According to a study by the Institute for College Access & Success, 68% of college graduates finished school with an average of $30,100 in student loan debt in 2015. And in March 2016, outstanding student loan balances stood at $1.26 trillion. This means student loan debt is the second largest form of consumer debt in the U.S., behind mortgages.
All this debt puts an enormous strain on young entrepreneurs seeking small business financing. But there is hope. The Small Business Administration found that small business accounts for almost 50% of the private economy. So it’s in the federal government’s best interest to see its young entrepreneurs succeed.
That said, any kind of student loan debt is going to make financing more difficult. Lenders evaluate your existing debt and your ability to pay to determine your loan qualifications. The unpredictable revenue associated with small business startups coupled with a monthly student loan burden does not make for an attractive borrower profile.
Student loan debt will affect your financing options, so how can you reduce the impact? You must either increase your income (ability to pay) or decrease your existing debt.
Since increasing income is what you’re already working on with your small business, let’s focus on decreasing existing debt.

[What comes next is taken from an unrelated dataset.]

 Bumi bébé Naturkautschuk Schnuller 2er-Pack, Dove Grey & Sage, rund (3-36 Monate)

Reducing Student Loan Burden
If you have a student loan backed by the federal government, you have options. You also have options with a private loan, but they are more limited.
If you’re not sure whether your loan is federal or private, navigate to studentloans.gov or the Federal Student Aid website. If your loan is not listed in either of these databases, you have a private loan. You can double check your credit report for the private loan. The report will tell you who holds your loan.
Income Based Repayment
The federal government offers income-based repayment programs. These programs help reduce your monthly bills, and often the federal government will pay the additional accrued interest. You must fall within their criteria to receive this assistance.

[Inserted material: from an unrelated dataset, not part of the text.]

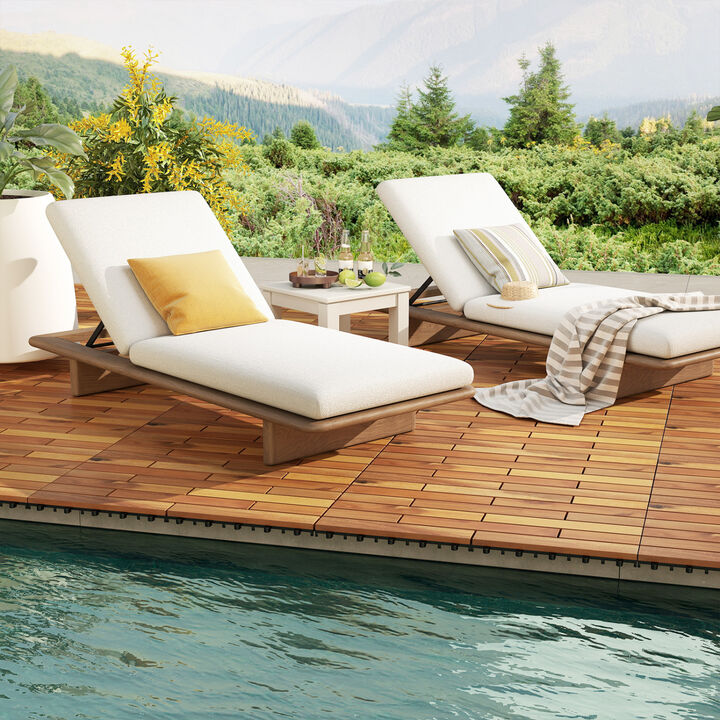 Acacia Wood Deck Flooring Tiles 48 Pack with Interlocking Design for Outdoor Spaces-Natural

These programs may also offer loan forgiveness after a certain amount of time.
Private loans aren’t as forgiving as federal loans. Refinancing may be your best option to reduce monthly payments. You may run into the same roadblocks, however, as you will with small business financing. But if you can get a cosigner, or work part-time and show your lender that you are a good risk, you have a chance.
Be wary of immediately jumping into a refinance just because you can get a lower monthly rate. Do your research and analysis. Be certain the increased interest cost and fees are worth the increased chance of obtaining capital.
Save and Hustle
It’s true that young entrepreneurs are at a disadvantage when it comes to obtaining small business financing, but be sure to take full advantage of your assets. As a young entrepreneur, you’re likely to have fewer familial obligations. You can live simply now to achieve long-term success.
You have the flexibility to work hard and pick up odd jobs when your time and business needs allow. Make the best use of your time—it’s your greatest asset. And while it won’t show up on your balance sheet, it’ll pay dividends for years to come.